If only WordPress was actually "Cyber Resilient" and not historically completely full of security vulnerabilities 

[EllieCat]

I wonder what will happen if they will be forced to comply

[nolderoos]

@leadeater Yes, WordPress has had some pretty bad security problems in the past. However, most of these problems are caused by weak defenses in place or bad plugins.. Most sites get breached because of human failure. When done right WordPress is as tight and secure as its alternatives! They have also actively been on a journey to harden its security by default!

[nolderoos]

@EllieCat If they would have to comply it would mean less contributors and making it harder to publish this free product. This would be counterproductive for the EU as that would force people to use US based subsriptions services, like Shopify, Squarespace, Wix Etc.

 

[tikker]

I haven't properly read up on the CRA beyond the general page, so take that as a disclaimer, but reading through their letter some statements sound a bit like "trust me bro"?

 

Quote

Our FOSS CMSs are mission-critical and exhaustively tested.

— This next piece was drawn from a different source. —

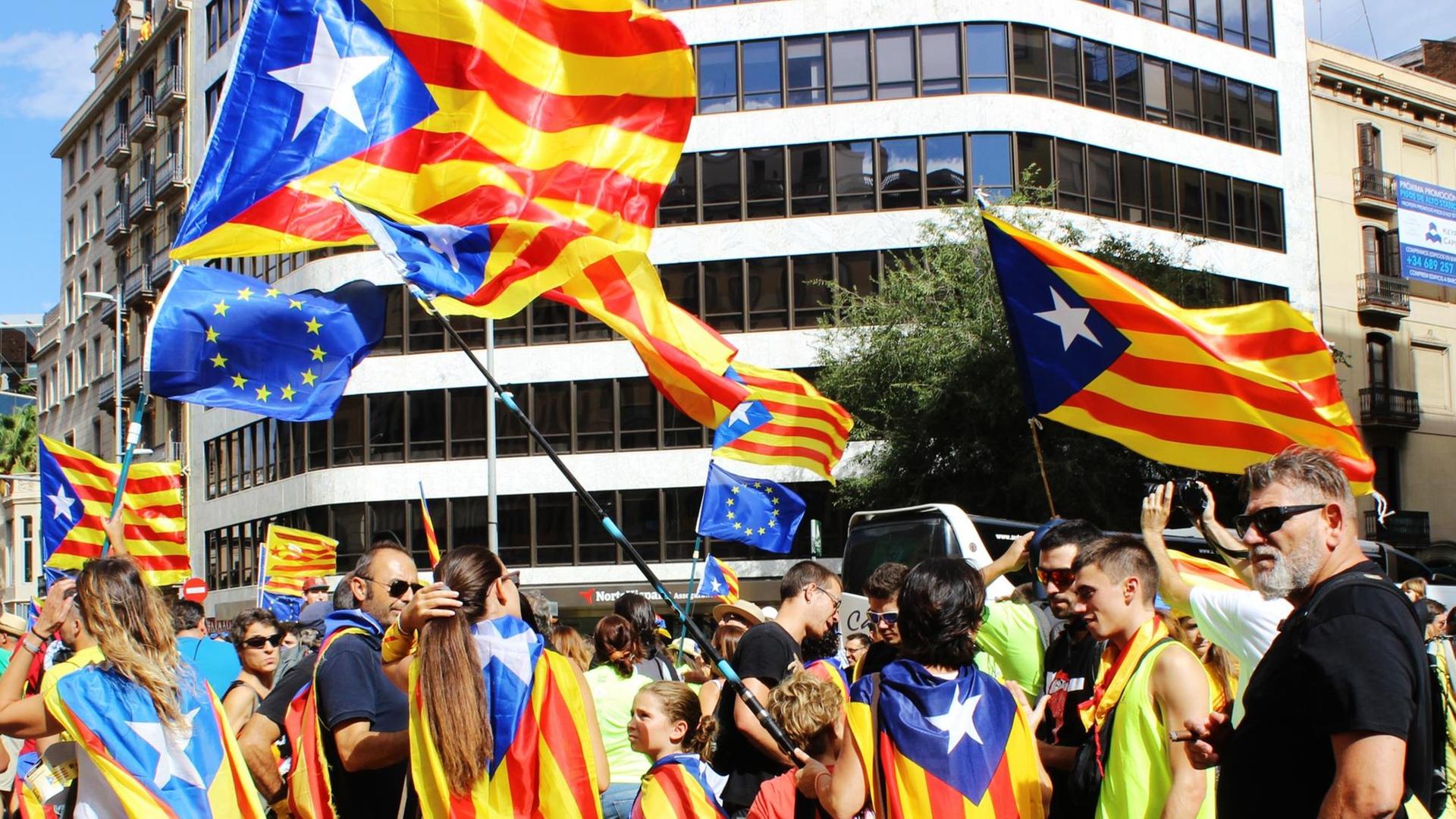 I partecipanti a una manifestazione l'11 settembre 2017 sventolano bandiere catalane in una strada di Barcellona.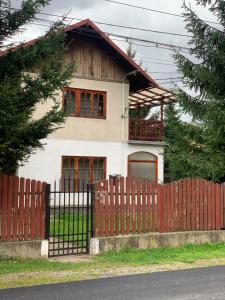 une maison avec une clôture rouge devant elle dans l'établissement Vila Busteni DORA, locatie superba strada Grivitei 36, à Buşteni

This is a double edged sword. If it's mission critical then security is important right? And if it is exhaustively tested to be secure, it shouldn't be too scared of tightened security regulation?

 

Quote

The proposed ban on releasing "unfinished software" contradicts the realities of modern
software development, whether FOSS or otherwise. Early versions, like alpha and beta
releases, are essential for development, innovation, and indeed security. These
“pre-releases” are marked accordingly and understood in the industry as unfinished
(non-final, initial) versions that need testing by our large communities of expert and
professional users before being released as final software.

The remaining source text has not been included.